第二十話 紅のダロタ その1
「なんだ、あのズンドコダンス?」
最初に気付いたブラドの言うようにそれはズンドコだった。
ズンズンドコドコ、ズンドコド…♪
そんなリズムが聞こえてきそうな奇妙な踊りを鏡の前で踊るオークに、ブラドは聞いてみた。
「ダロタよ。お前は何をやっているのだ?」
『ブヒッ』と鼻息一つしてブラドに本を見せた。
「ブタでも踊れる不思議な踊り…かっこ入門編。
何だ、ダロタ、こんなのを覚えたいのか?」
『んだ』と頷きながら、ダロタは練習を再開するのだが…。
「ダ、ダロタ、しかしな、それは不思議な踊りじゃないぞ?」
慌てるように静止に入るが、人間の自分から見てもそうだと思えた。
それは魔界で店を開いているからであるが、人形のようなモンスターが時折見せてくれたからだ。
そこでダロタも考えたのだろう。
冒険者の前に立ちはだかった時、この踊りを踊る事で魔力を奪う事で攻撃の幅を広げる事を。
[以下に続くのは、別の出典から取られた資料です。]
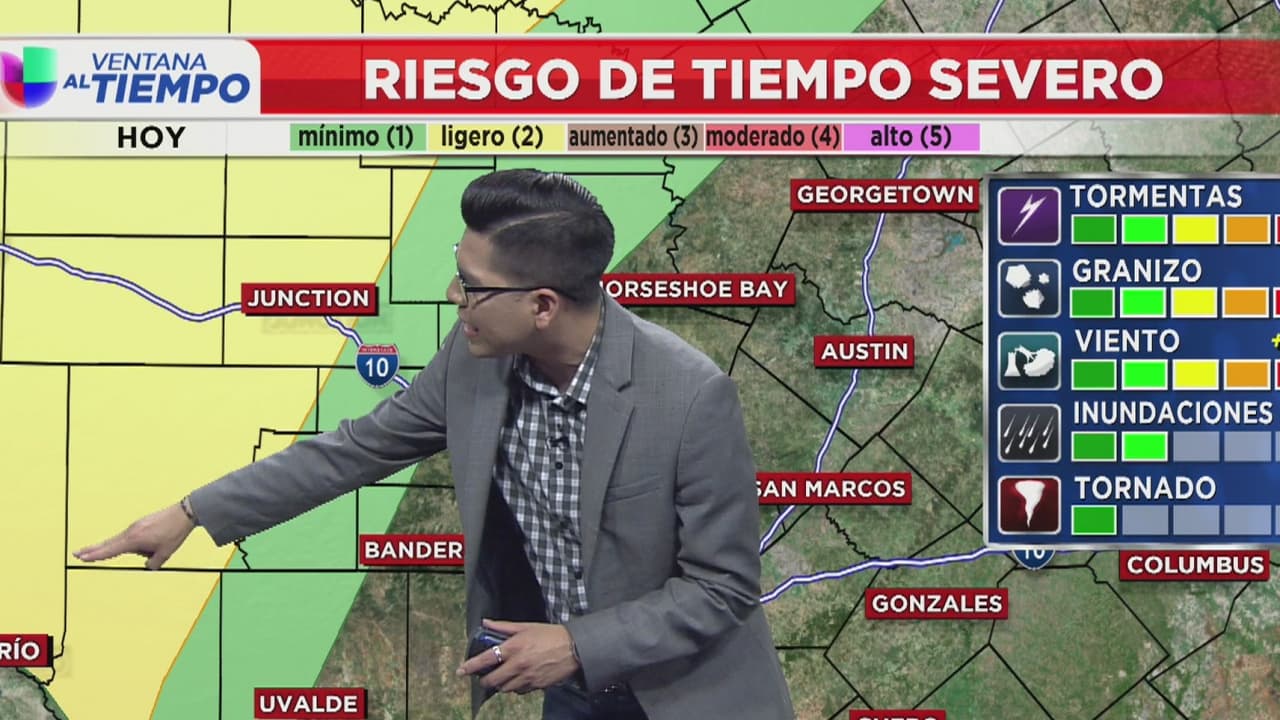 Pronostican 40 por ciento de posibilidad de lluvias para esta noche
このダロタ、意外に勤勉なので、これまた人間ながらに一時的に関心はしたのだが…。
やっぱりブラドの言うように、ズンドコダンスであった。
「じゃあ、ブラドがやってみてほしいべ」
怪訝そうにダロタは意外と難しいからやってみろ、という意味だろう。
ダロタは本を見せながら、ぶにぶにと指を指していたトコロをやれと言っていた。
「参ったな、踊りなんかやった事ないからな…」
さすがにブラドは困った表情を見せたが、その本を見ながら腕をくねらせ、しばらくしたのち。
「じゃあ、行くぞ?」
そんな感じで、全身をクネクネと動かし始めた。
さすがに従来通り、不思議の踊りのように何かが奪われる感覚はなかった。
しかし『何の踊りの真似をしているのか?』と聞かれると『この人は不思議な踊りの真似をやってます』と答えられるほどの出来だった。
「こうだべか?」
そう言って『クネクネ』と踊りだそうとしているのだろう…。
「見事なズンドコですね」
「酷いべよ、じゃあ、今度はシュロがやってみるがいいべ?」
さすがに嫌な顔をしたダロタは今度は自分を指名した。
当然、先ほどのブラドのような踊りを見せると、今度はブラドも頷いた。
「それで正解だよな?」
頷きあう、人間とヴァンパイア、そして、ブヒッと鼻息を吹いて負けずにダロタも踊りだすのだが…。
「やべえ、シュロ、だんだんクセになってきた」
真面目に踊っているダロタに悪いが、それはもう面白い踊りになっていた。
それはもう、後からやってきた魔王二人も笑うほどに…。
「シュロ、ダロタに何を覚えさせているのよ?」
「豚が、豚が舞っている!!」
カイリはまだ収まらないのか、笑い転げていた。